Serious Ethical Concerns

Most troubling is that a strict interpretation of Rule 18.3 could force attorneys to violate their ethical obligations. If the rule requires citing AI use whenever generative tools assist with drafting or research, attorneys might need to disclose confidential client information that was included in their prompts. As Gunder notes, this could breach the duty of confidentiality and waive work product protections.

Providing context is important in using AI effectively. Some AI systems provide safeguards – such as secure, in-house AI systems or AI services with data protection features – so that attorneys may provide factual details about cases, client circumstances, and strategic thinking to get better output.

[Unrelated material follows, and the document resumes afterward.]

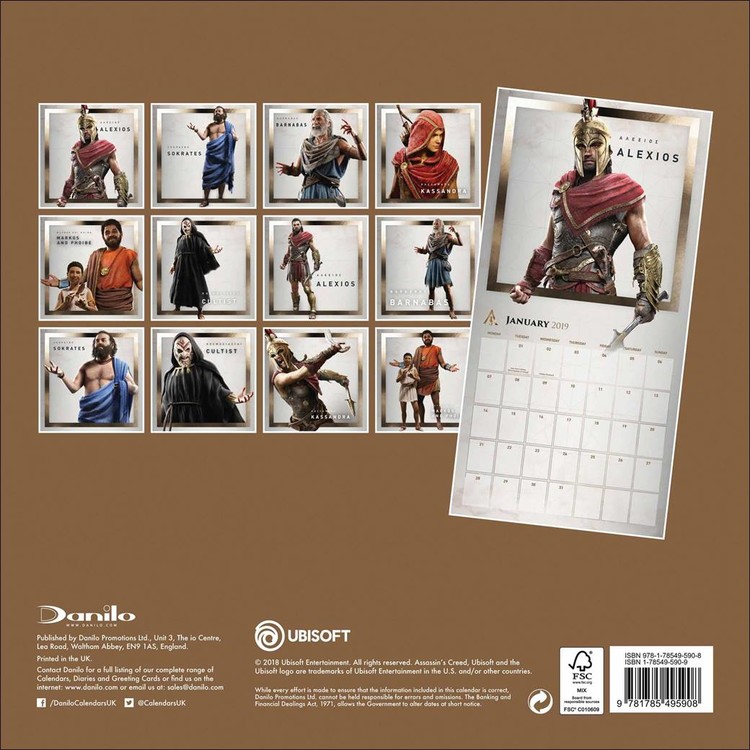 Assassin S Creed Game Calendarios De Pared Cons Guelos En Eurposters Es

But here’s the catch: while using AI with proper safeguards might be ethically permissible, requiring disclosure of those AI interactions through citations in court filings creates an entirely different problem. The citation requirement may force public disclosure of information that confidentiality rules are designed to protect.

The Challenge Ahead

While I applaud the Bluebook editors for recognizing that AI citation guidance was needed, unfortunately, Rule 18.3’s execution falls short of what the legal profession requires. Legal writers will likely need to navigate these contradictions and choose their own approaches for the foreseeable future, which undermines the Bluebook’s central purpose of creating uniform citation standards.

See Gunder’s article for a more detailed analysis. It’s worth reading for anyone grappling with these issues in practice, scholarship, or teaching.